On Fri, Jun 28, 2024 at 1:42 PM Andrew Morton akpm@linux-foundation.org wrote:
On Fri, 28 Jun 2024 14:01:58 +0800 yangge1116@126.com wrote:
From: yangge yangge1116@126.com
If a large number of CMA memory are configured in system (for example, the CMA memory accounts for 50% of the system memory), starting a SEV virtual machine will fail. During starting the SEV virtual machine, it will call pin_user_pages_fast(..., FOLL_LONGTERM, ...) to pin memory. Normally if a page is present and in CMA area, pin_user_pages_fast() will first call __get_user_pages_locked() to pin the page in CMA area, and then call check_and_migrate_movable_pages() to migrate the page from CMA area to non-CMA area. But the current code calling __get_user_pages_locked() will fail, because it call try_grab_folio() to pin page in gup slow path.

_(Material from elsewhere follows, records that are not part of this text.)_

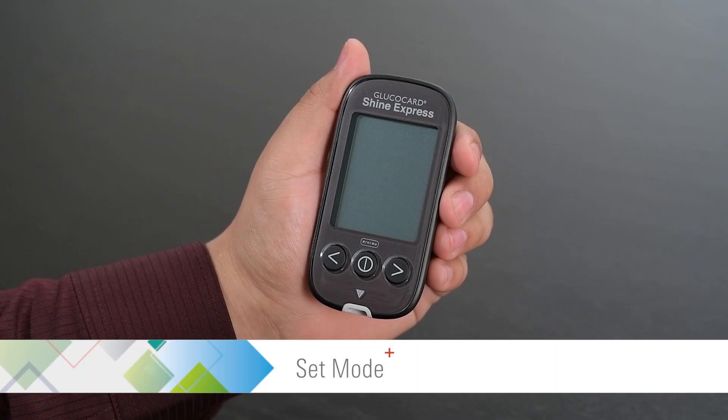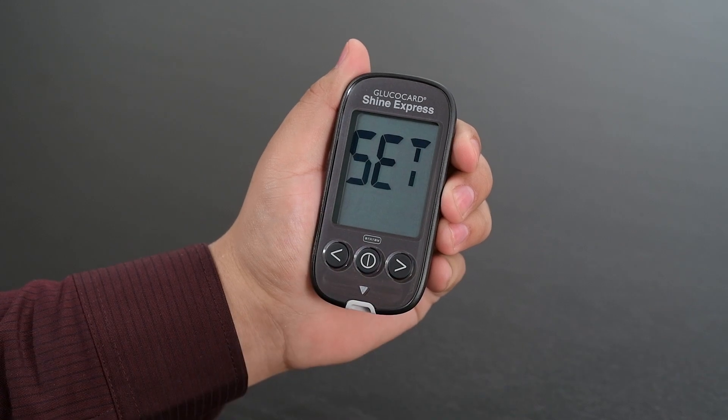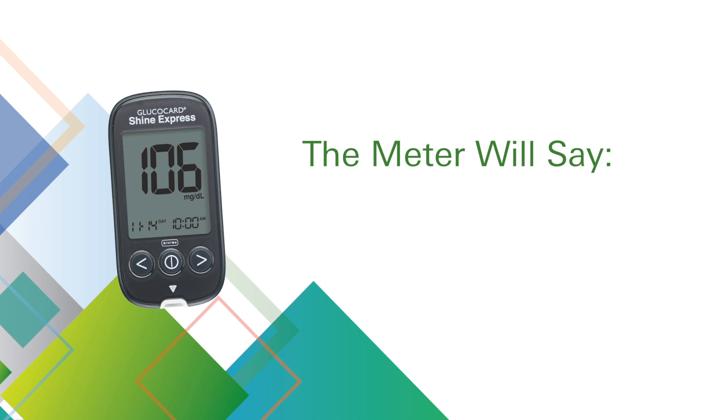To enter the set mode, press and hold the center button for three seconds until 'Set' appears on the screen. The meter will say: Set Meter.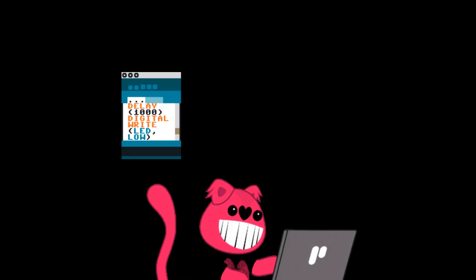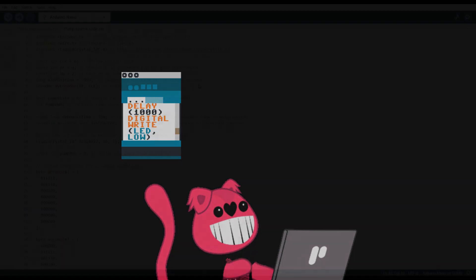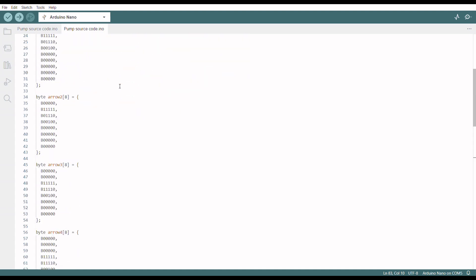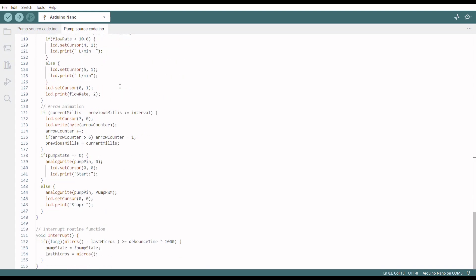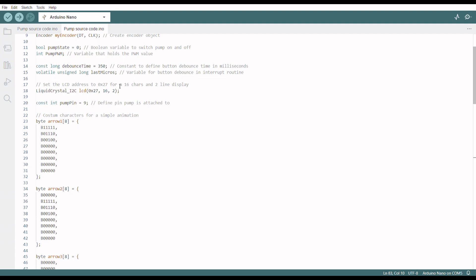After the hardware was done, I wrote a basic code for the pump. The code allows the volume flow to be set via the rotary encoder and the pump to be switched on and off via the push-button function. The code can easily be extended for more functionality such as a timer or interval operation. Code and wiring diagram are on GitHub — link in the description.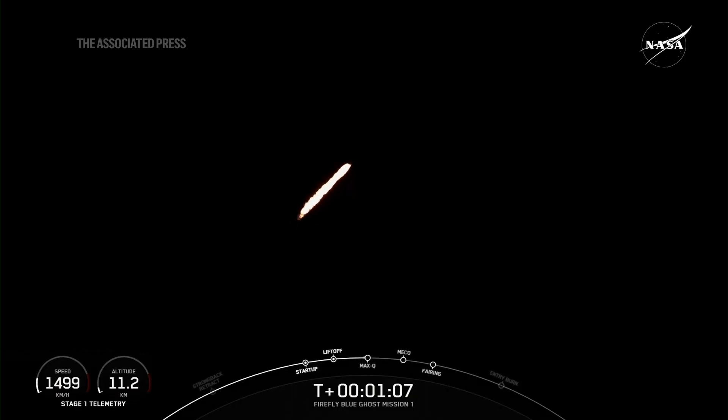And we are coming up on max Q. This is the largest structural load that the vehicle will see during ascent.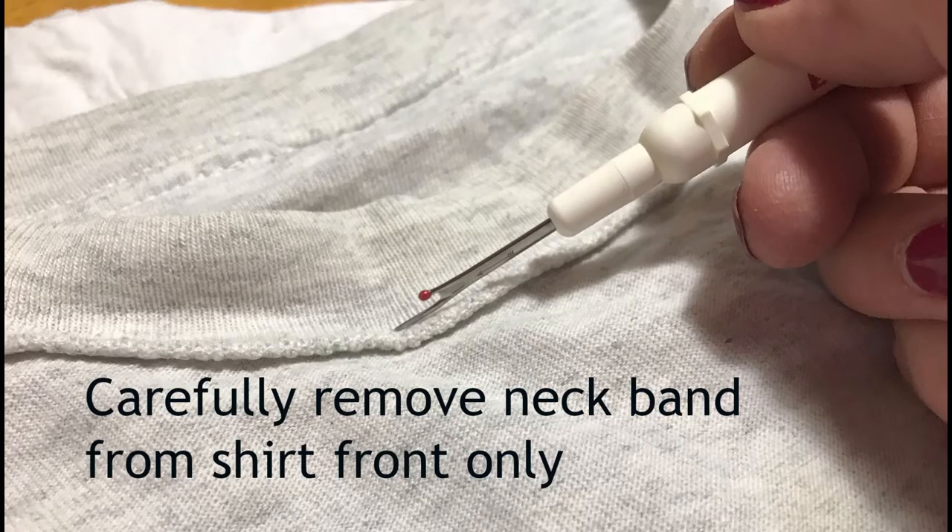We will be removing only the front part of the neck band. Be sure to leave everything intact that is related to the shoulders and the back. You don't want to get involved in the shoulders at all or you might end up with a lump on your shoulder. Carefully remove the front band from the t-shirt with the seam ripper.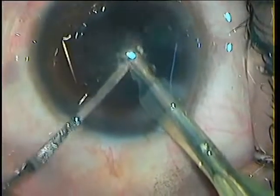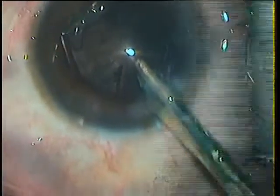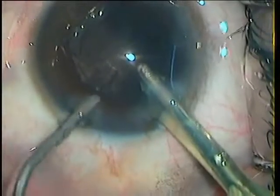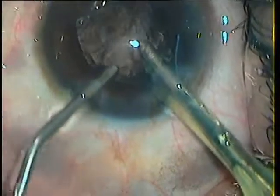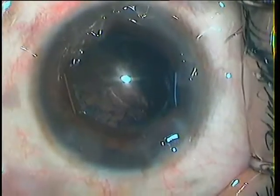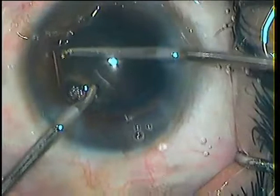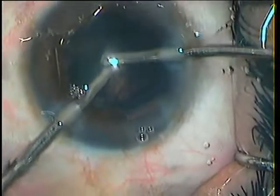I use an iris depositor towards the end. And before I take the probe out, I inject visco into the AC. Cortex removal is done by bimanual irrigation and aspiration.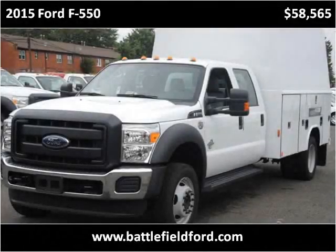This 2015 Ford Super Duty F-550 DRW is available from Battlefield Ford Manassas.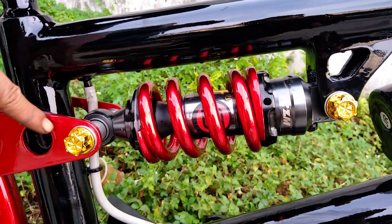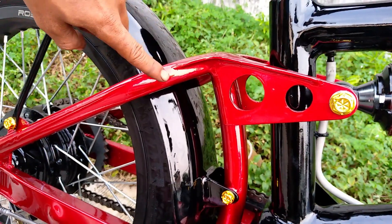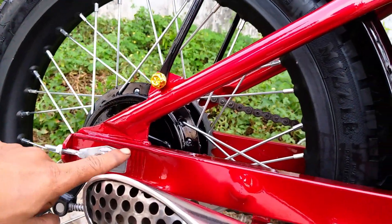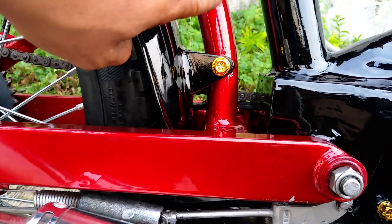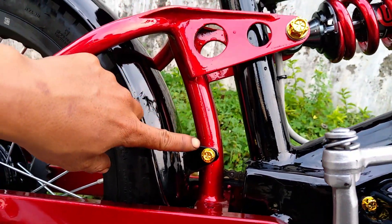Lalu di hubungkan dengan link seperti ini ke rem. Ini kita bikin ulang custom. Kita las di bagian ini dan di bagian ini. Remnya kita menggunakan rem original Honda, Honda Supra bawaannya. Dan di tengahnya ini kita bikin kepalangan seperti ini, biar lebih kuat dan kokoh.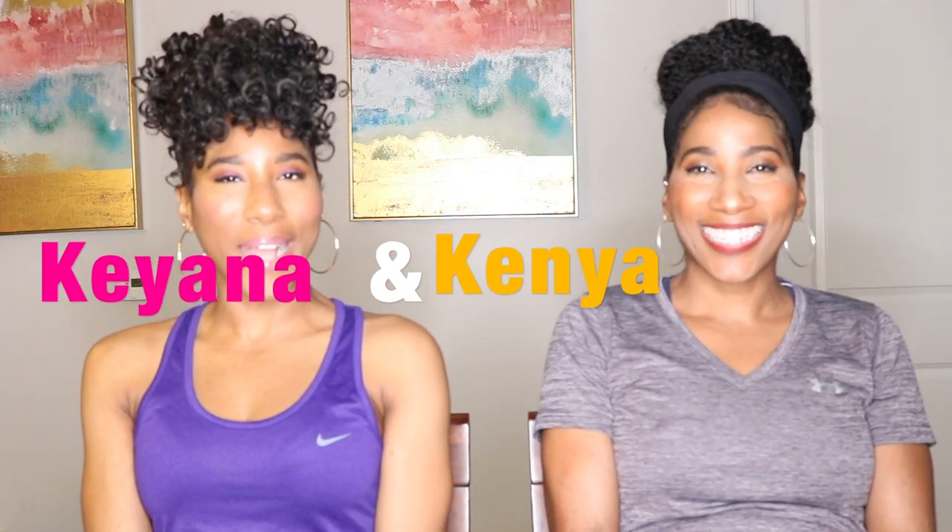Hey y'all, Vonsons here. I'm Kiana. And I'm Kenya. And welcome back to our channel, guys. Welcome back.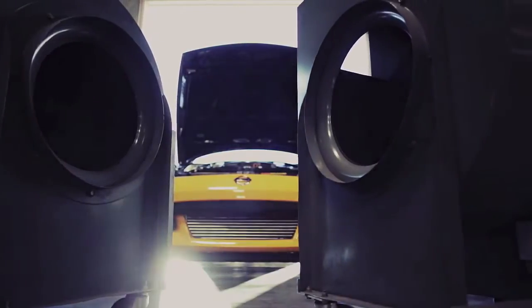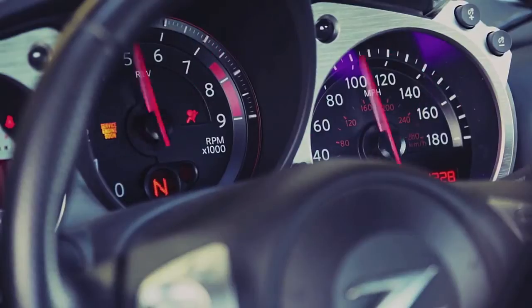In the dyno tuning session, we adjust the air-fuel ratio and ignition timing to achieve the highest amount of reliable horsepower.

The commit 57edfcfd3419 ("mm/gup: accelerate thp gup even for "pages != NULL"") uses try_grab_folio() in gup slow path, which seems to be problematic because try_grap_folio() will check if the page can be longterm pinned. This check may fail and cause __get_user_pages_lock() to fail. However, these checks are not required in gup slow path, seems we can use try_grab_page() instead of try_grab_folio(). In addition, in the current code, try_grab_page() can only add 1 to the page's refcount. We extend this function so that the page's refcount can be increased according to the parameters passed in.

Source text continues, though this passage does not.